With the images removed, write out every line below exactly.

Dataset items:
= Beginning of Section =

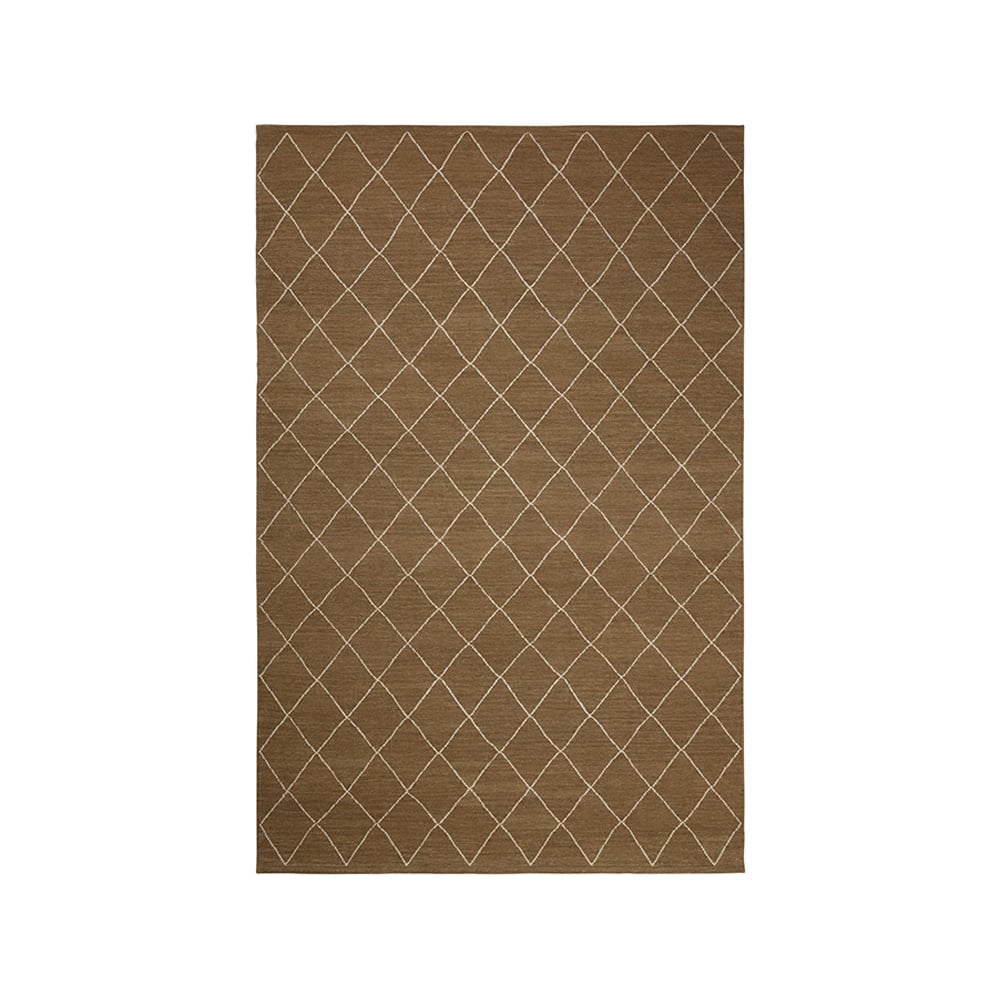 Bilde av Chhatwal & Jonsson Diamond teppe Mocha/off-white 230 x 336 cm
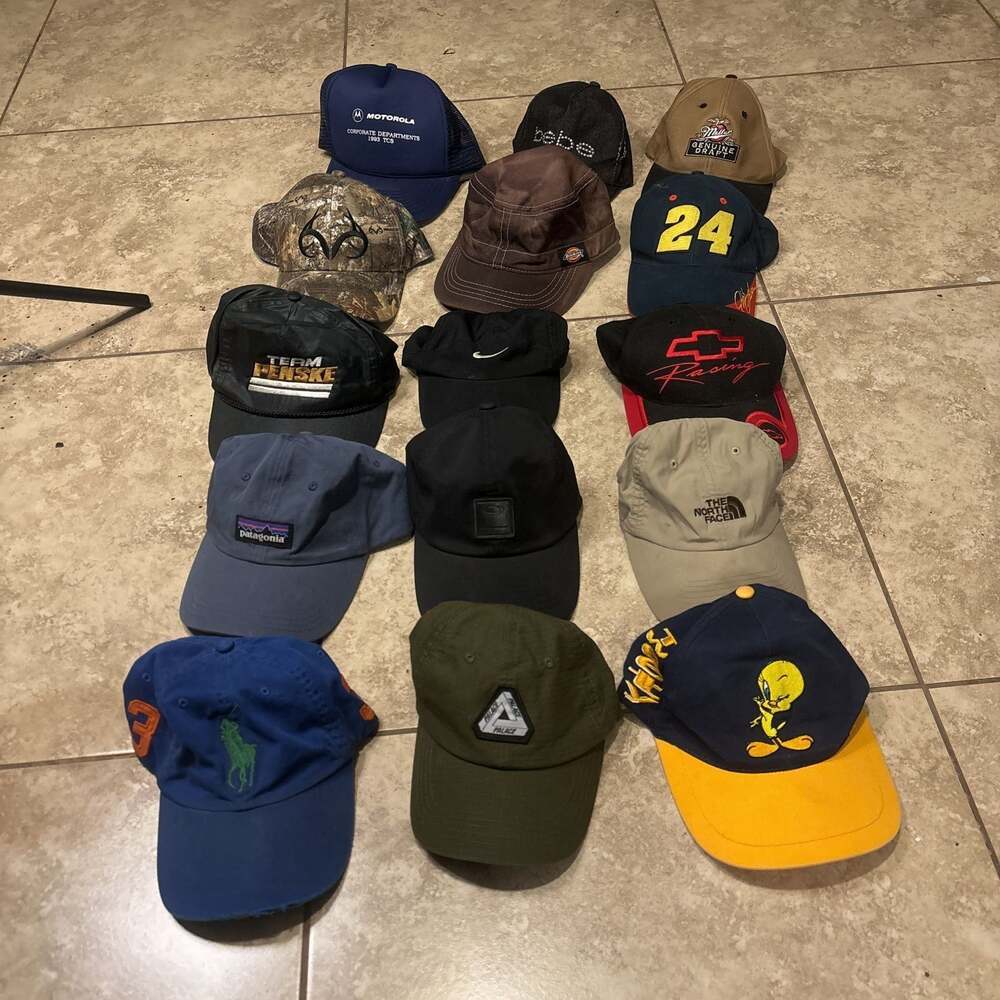 Vintage hat wholesale lot, Palace Patagonia Oakley ect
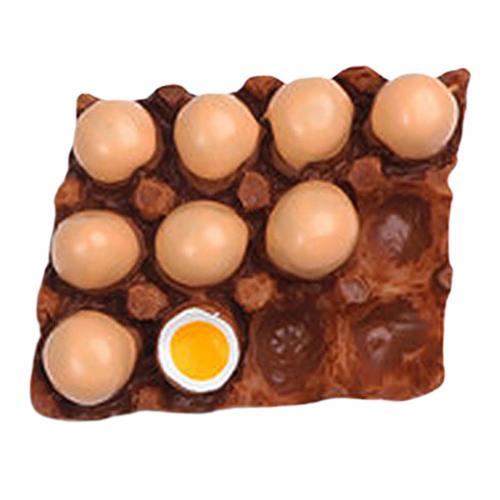 Ei Melk Koffie Cup Brood Koelkast Magnetische Koelkast Sticker Hars Koelkast Stickers Creatieve Leuke Magneet Keuken Decor: Egg Row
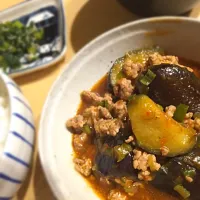 Snapdishの料理写真:甜麺醤多めの麻婆茄子😋|imuuさん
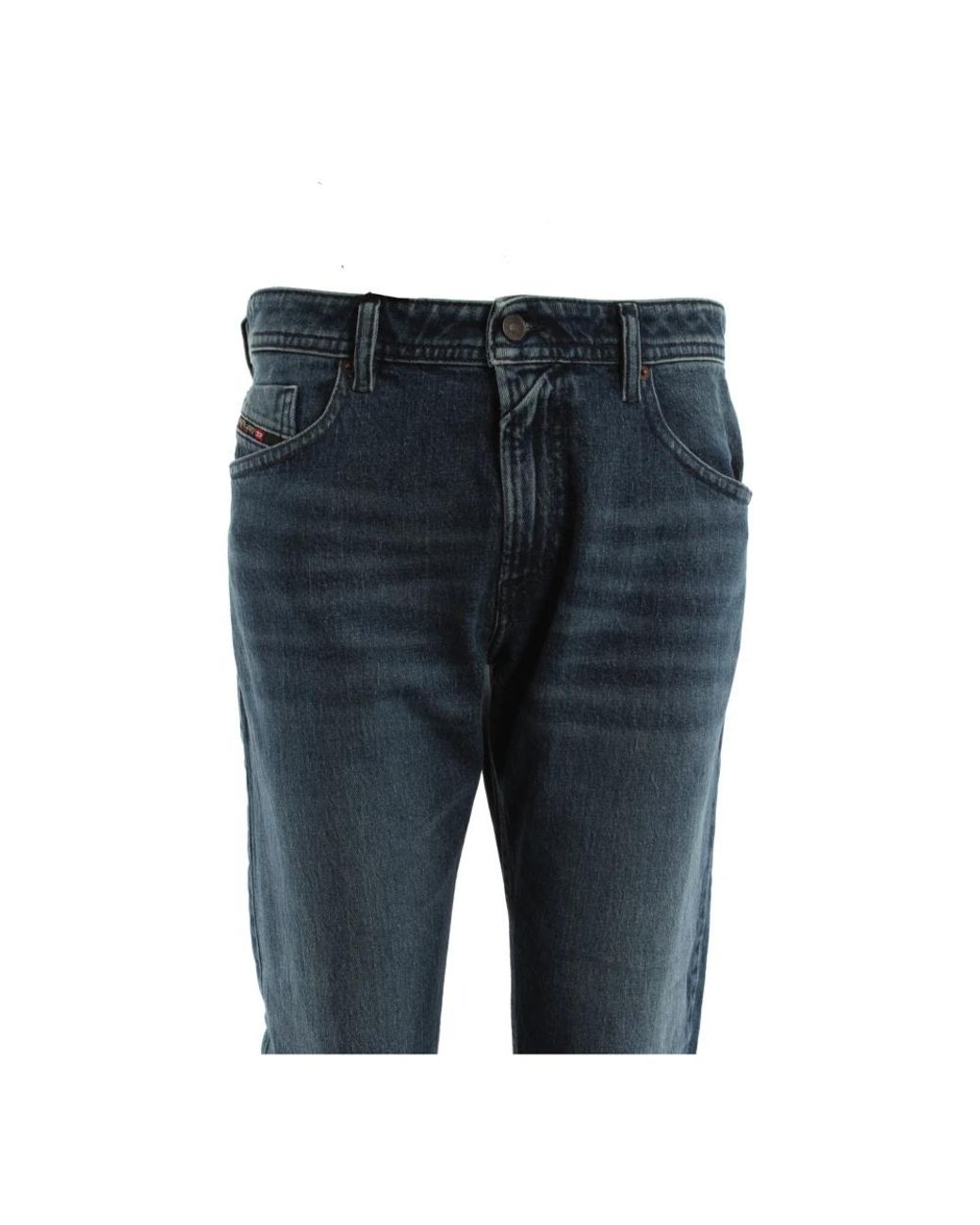 DIESEL Blue Straight Jeans for men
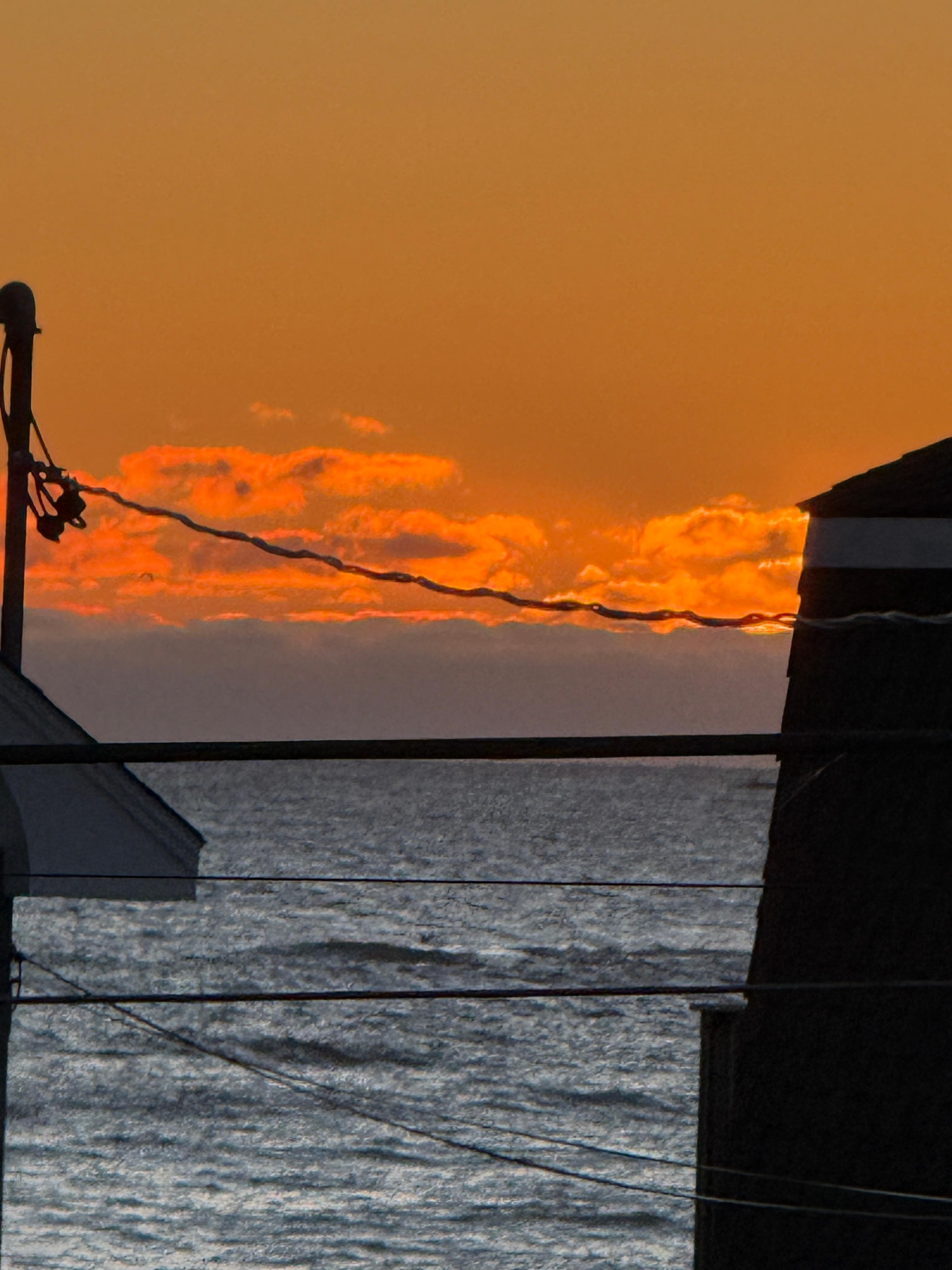 View of sunrise from upstairs deck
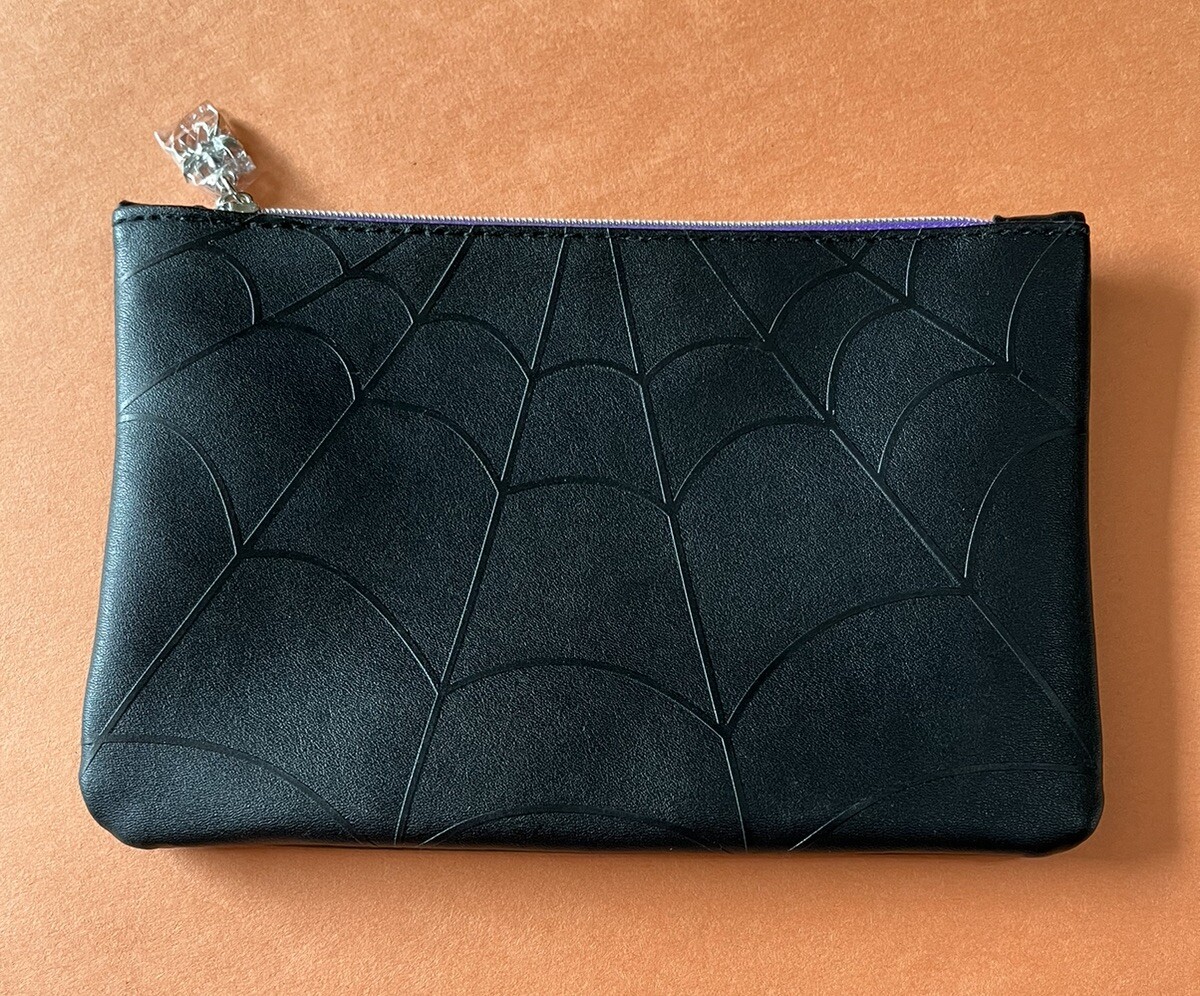 IPSY Glam Bag Spider Web Makeup Pouch Halloween 7 1/4” X 4 3/4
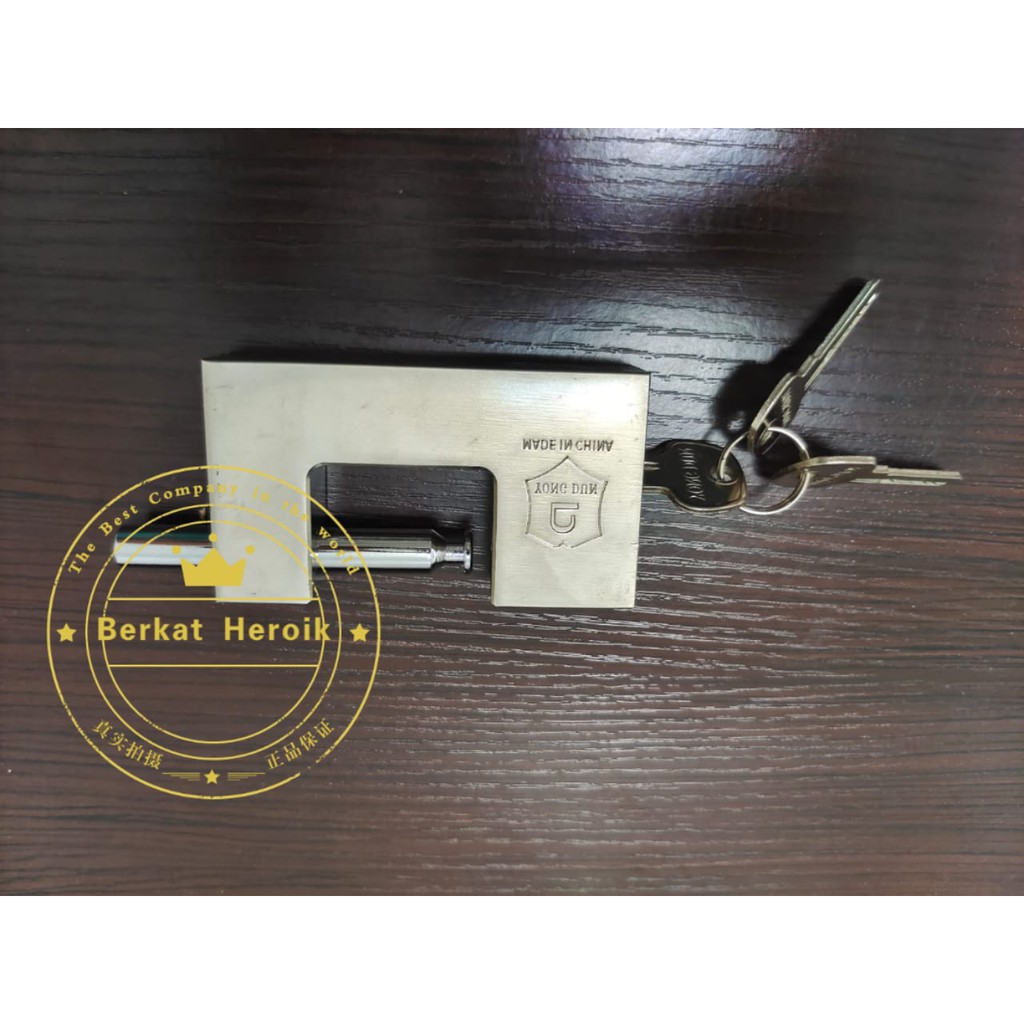 Gembok YongDun 90mm&amp; 100 mm Gerbang Pagar Rumah rectangular padlock Per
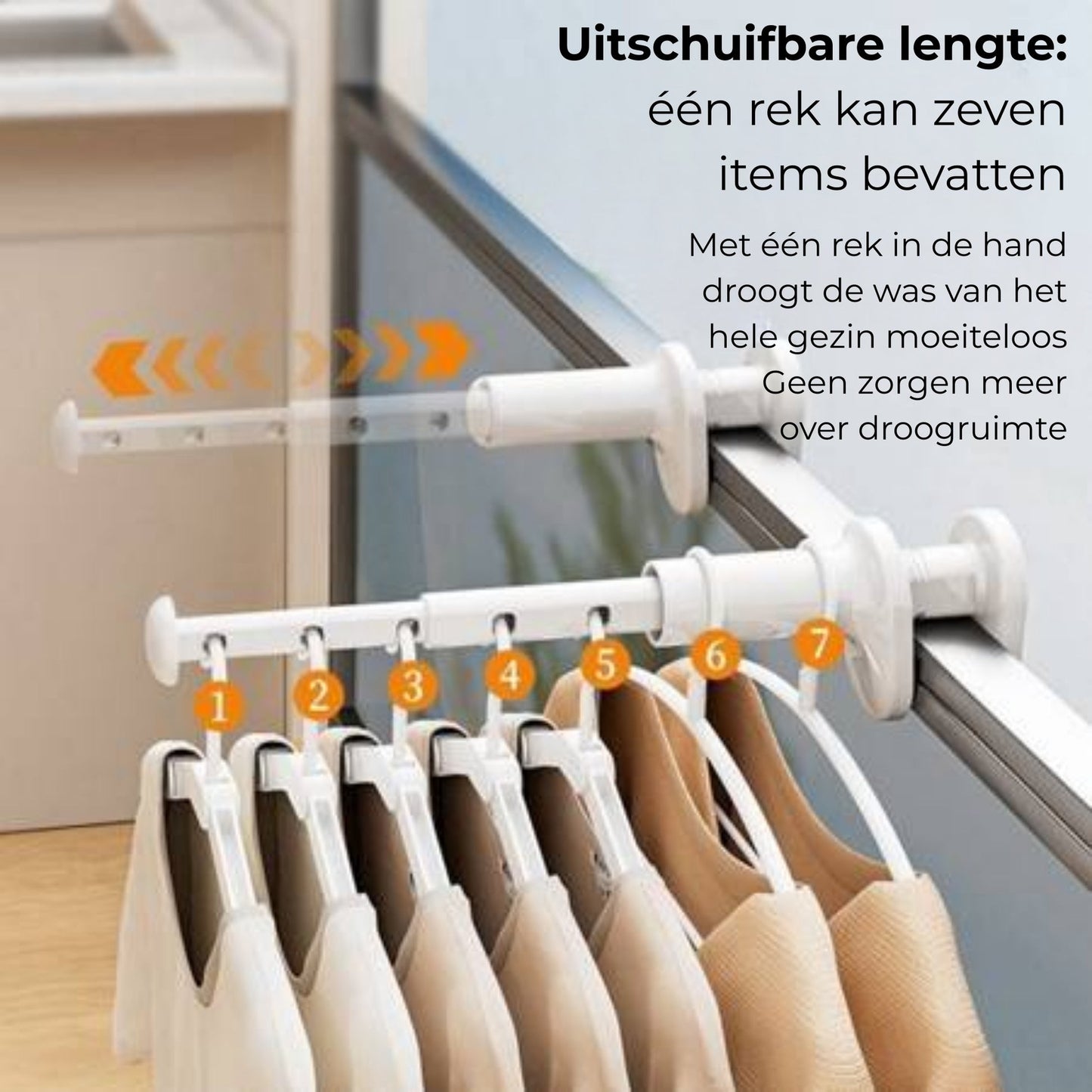 Telescopisch Uitschuifbaar Droogrek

= End of Section =

* ANSWER SECTION:
 Bilde av Chhatwal & Jonsson Diamond teppe Mocha/off-white 230 x 336 cm
 Vintage hat wholesale lot, Palace Patagonia Oakley ect
 Ei Melk Koffie Cup Brood Koelkast Magnetische Koelkast Sticker Hars Koelkast Stickers Creatieve Leuke Magneet Keuken Decor: Egg Row
 Snapdishの料理写真:甜麺醤多めの麻婆茄子😋|imuuさん
 DIESEL Blue Straight Jeans for men
 View of sunrise from upstairs deck
 IPSY Glam Bag Spider Web Makeup Pouch Halloween 7 1/4” X 4 3/4
 Gembok YongDun 90mm&amp; 100 mm Gerbang Pagar Rumah rectangular padlock Per
 Telescopisch Uitschuifbaar Droogrek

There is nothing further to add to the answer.